Unilever is suing Mercury, which is now part of Merrill Lynch Investment Managers, for £130m after it seriously underperformed against benchmark targets between January 1997 and March 1998.

One of Unilever's main causes of complaint is that Mr Lennard took radical positions in stocks, such as holding 42 per cent of the portfolio in the industrial sector and investing in fewer stocks overall than his predecessor Carol Galley.

Unilever's counsel Jonathan Sumption QC said this tendency led to "stratospheric" risk levels which were out of line with Mercury's mandate to manage the assets in accordance with their status as a mature fund.

Mr Lennard told the High Court that the contract drawn up between the two companies at the end of 1996 allowed him to invest in as few as 12 stocks, with a stake of up to 5 per cent of his portfolio in one company.

Mr Lennard, who was giving his second day of evidence in the case, also pointed out that a draft of the contract produced in October 1996 even suggested raising the agreed level of holding in any one stock.

This document, which was sent by Unilever's chief investment officer Wendy Mayall to Mercury, said that the largest possible concentration in one stock could be 8 per cent, which would have allowed Mr Lennard to choose as few as eight shares if he wished.
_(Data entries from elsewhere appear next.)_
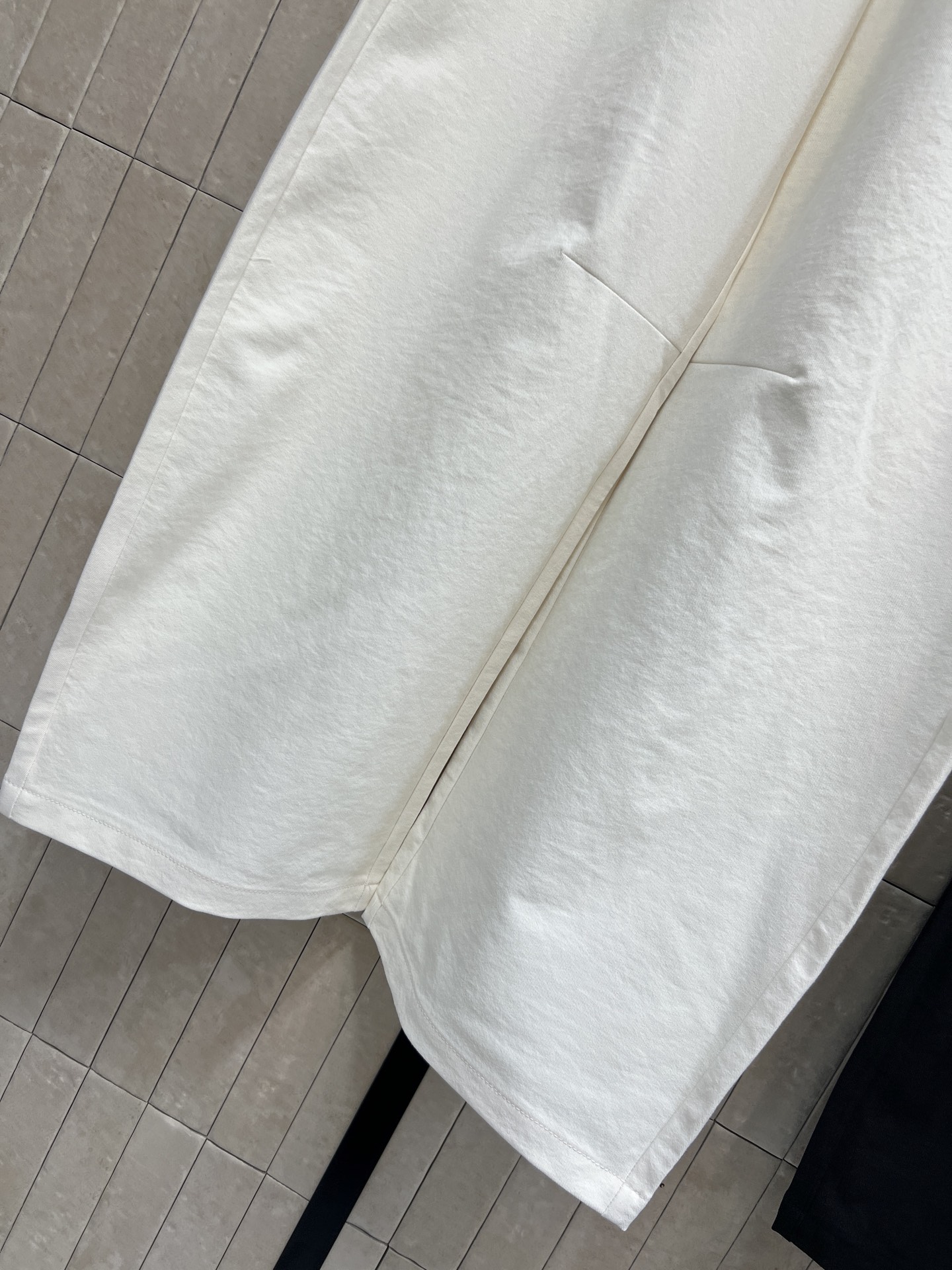 26春夏新款 高腰弯刀阔腿裤 轻薄透气面料 夏天穿超舒服！高腰+抽绳设计 显腿长又修饰腰线 梨形身材友好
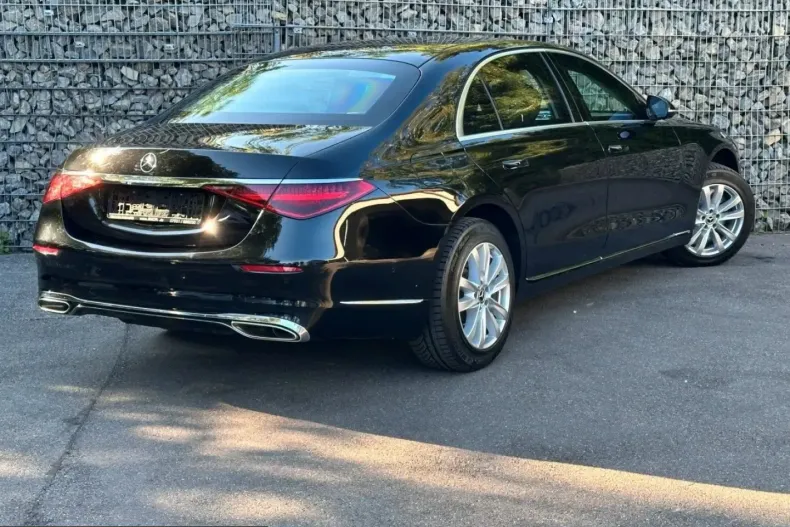 Mercedes-Benz S 680 (Clasa S) din 2022 cu 23.267 km - oferta MER230887 - foto 3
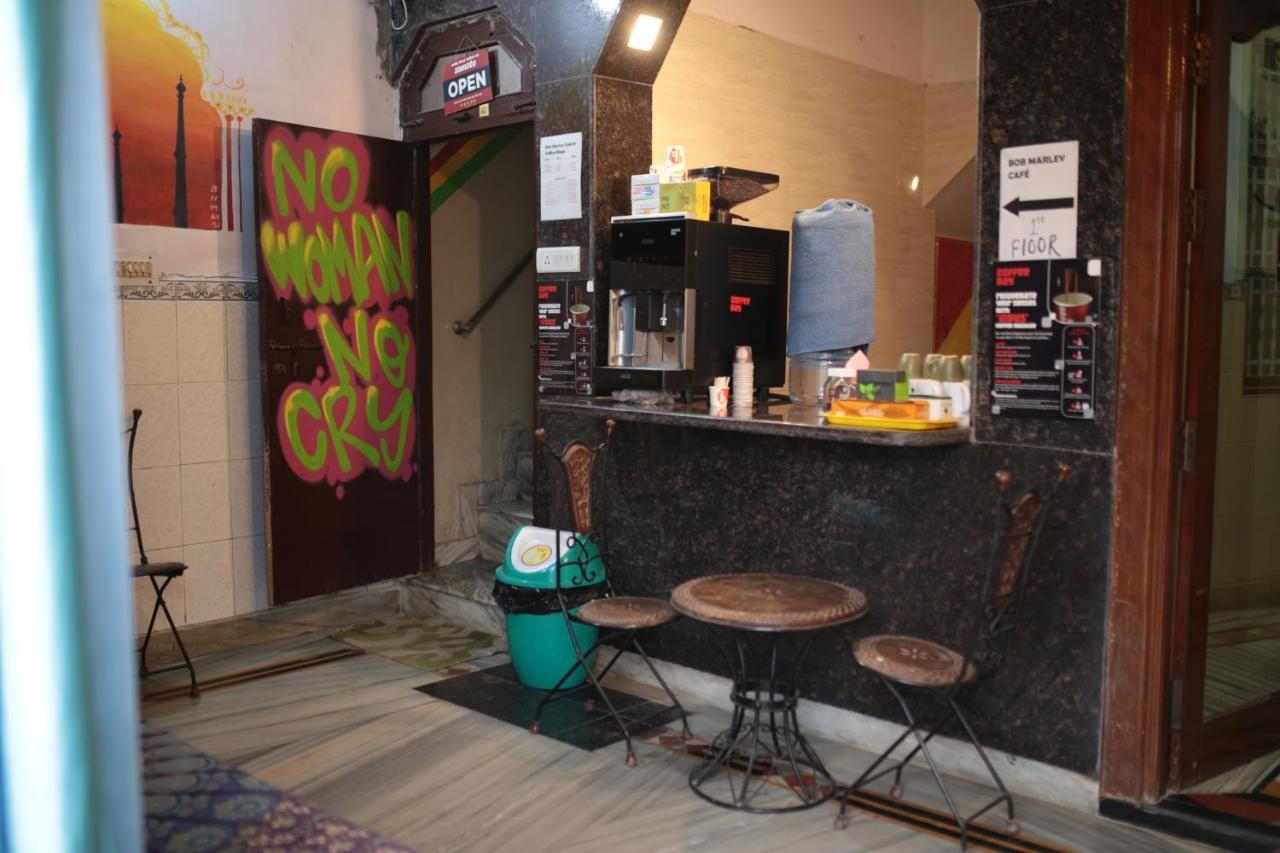Friends Guest House & Hostel Agra  Ngoại thất bức ảnh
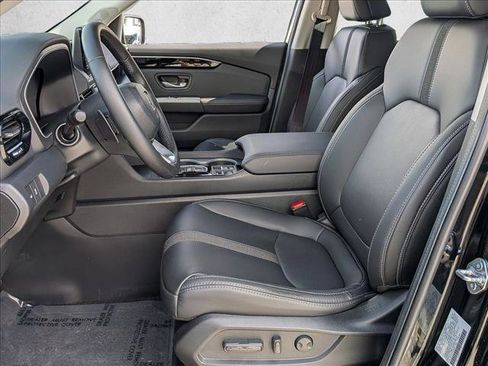 Used 2025 Honda Pilot Touring image 19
The fewest stocks Mr Lennard ever held was 37.

Mr Lennard was taken off the Unilever fund in May 1997 due to poor performance. He also had a bad year in charge of the fund in 1996, which returned a total underperformance of 7 per cent. Mr Lennard said that when he realised the full scale of underperformance, "it was painful for me, painful for Mercury and painful for Unilever."

The hearing continues.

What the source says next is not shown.